Emergent urbanism

by Mathieu Helie, graduated of the Institut d'Urbanisme de Paris, Universite Pantheon-Sorbonne and Concordia University.

"[... ] Emergence is a form obtained as a result of following certain processes. The opposite of emergence is design: it is a form conceived by a designer which will be used as a blueprint for its realization.In emergence, form is the result. In design, form is the starting point. [... ]"
http://emergenturbanism.com/2007/10/18/emerging-the-city/

"In a traditional spontaneous city, 100% of the surface is initially a network structure, open land. From this surface the best paths are selected to fit the networks that are emerging, and the leftover space is progressively built upon. Starting with a completely open, fully-connected land structure, the city’s design can consist of a purely negative process by placing constraints on construction over important paths. In this way the street structure and hierarchy becomes an evolved structure that matches the history of its networks, and the placement of buildings and uses is also an evolved structure that matches the flows of movement.Over time these paths are paved and upgraded, and important junctions of paths become the central open space of the city.
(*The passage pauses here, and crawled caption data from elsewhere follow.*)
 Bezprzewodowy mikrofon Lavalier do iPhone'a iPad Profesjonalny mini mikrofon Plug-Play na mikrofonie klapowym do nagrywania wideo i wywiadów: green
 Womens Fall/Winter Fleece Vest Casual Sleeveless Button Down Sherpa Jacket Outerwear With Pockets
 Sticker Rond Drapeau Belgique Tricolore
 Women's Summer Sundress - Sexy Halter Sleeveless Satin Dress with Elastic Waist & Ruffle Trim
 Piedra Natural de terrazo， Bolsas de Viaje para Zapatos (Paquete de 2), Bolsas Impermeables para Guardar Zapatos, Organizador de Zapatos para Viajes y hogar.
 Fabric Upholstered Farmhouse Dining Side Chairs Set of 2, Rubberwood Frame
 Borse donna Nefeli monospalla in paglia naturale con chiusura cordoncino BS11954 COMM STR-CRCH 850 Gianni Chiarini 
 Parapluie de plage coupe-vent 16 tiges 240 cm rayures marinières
The central square of a spontaneous town can be explained as the remainder of a fractal process of subtraction, with the most underused part of the spatial network being removed at each additional step of feedback until no further network subtractions are possible.
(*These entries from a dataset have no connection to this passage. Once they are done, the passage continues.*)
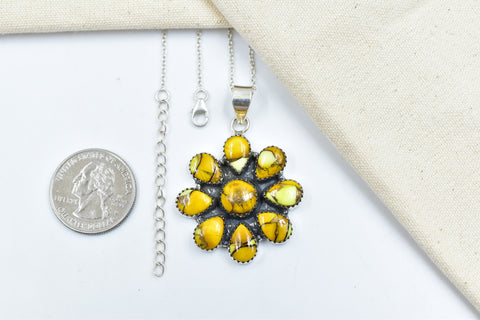 Handmade Honey Dahlia Turquoise Sterling Silver Pendant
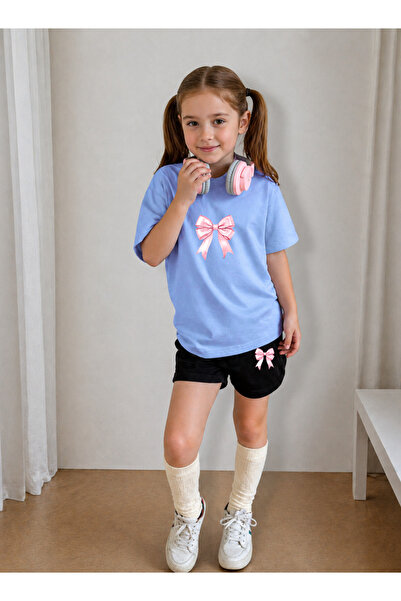 LORVEX Girl's T-Shirt and Shorts Set, Printed Cotton, Summer Casual Fit Combi...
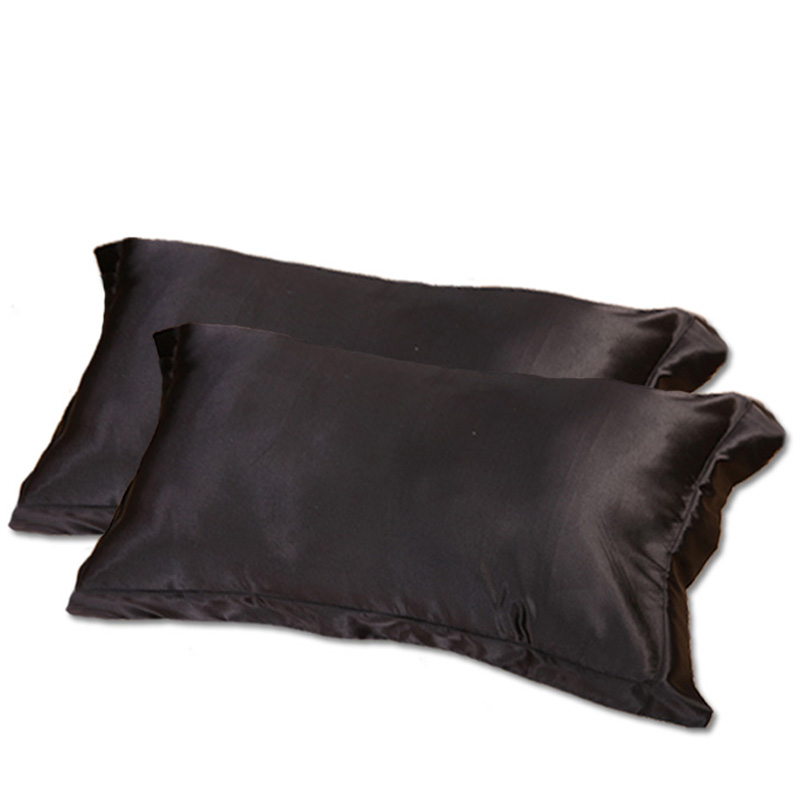 Vente en gros - Svetanya (2pc / Lot) Taie d'oreiller en soie Taie d'oreiller standard Blanc / Noir / Rose Oreiller Sham / Couverture 50 * 70cm 47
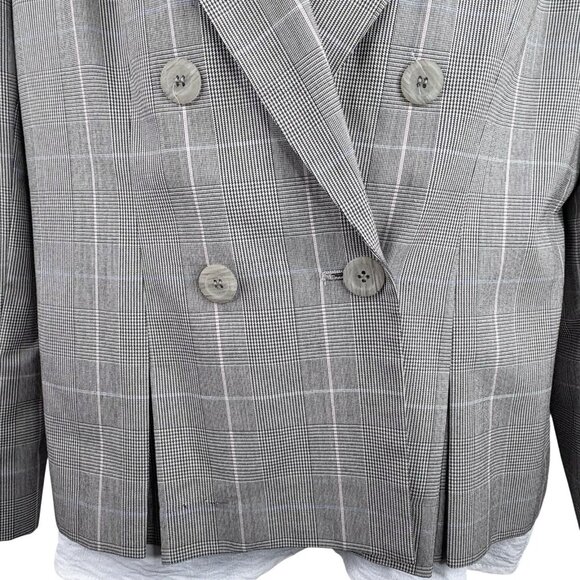 VTG 80s Pinstripe Plaid Double Breasted Classic Blazer Gilmor Gray Women’s 12 - Picture 4 of 15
An emergent city similarly begins with a network structure, although one that is much more sophisticated than open land. In modern design the typical asphalt street produces a network that is suited particularly to automobile networks. [... ] Some efforts have shown that pedestrian networks can emerge from modern design. One example is the three-story deck of the La Défense business city in Paris, which contains parking but also regional rail and subway links, as well as being an open pedestrian surface. At the ends of this network structure a generative process of spontaneous development creates the actual networks of the city.[... ]

Most importantly all forms of movement must be in balance in the street design so that one type of network structure does not cut another and prevent the network formation process. (Salingaros, 1998)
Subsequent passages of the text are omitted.